- **TASK TO CARRY OUT**: Exclude the pictures and set down, unaltered, the lines from the one that holds "Thank you very" through the end of the data.

- **DATA BLOCK**:
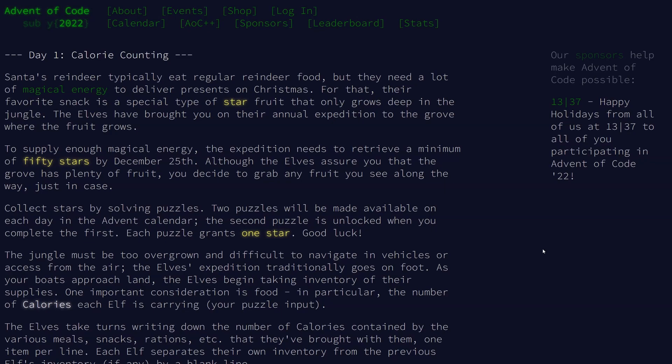It's time for the 2022 Advent of Code. I'm going to walk you through my solutions in Rust through the month. We'll see how far I get.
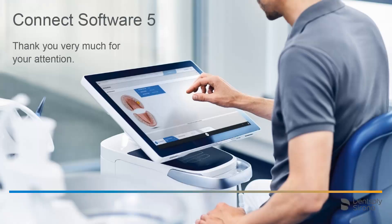Thank you very much for your attention. We would like to wish you every success when working with Connect.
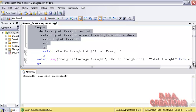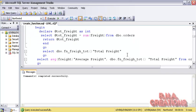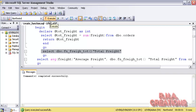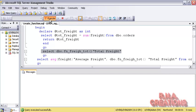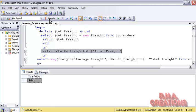Because the function is created and returns a single value, I can always use a SELECT statement to get the value returned by this function. It is very similar to using a scalar function in SQL Server — no big deal, exactly the same. I execute it and there it is.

- **SOLUTION TO THE EXERCISE**:
Thank you very much for your attention. We would like to wish you every success when working with Connect.
Because the function is created and returns a single value, I can always use a SELECT statement to get the value returned by this function. It is very similar to using a scalar function in SQL Server — no big deal, exactly the same. I execute it and there it is.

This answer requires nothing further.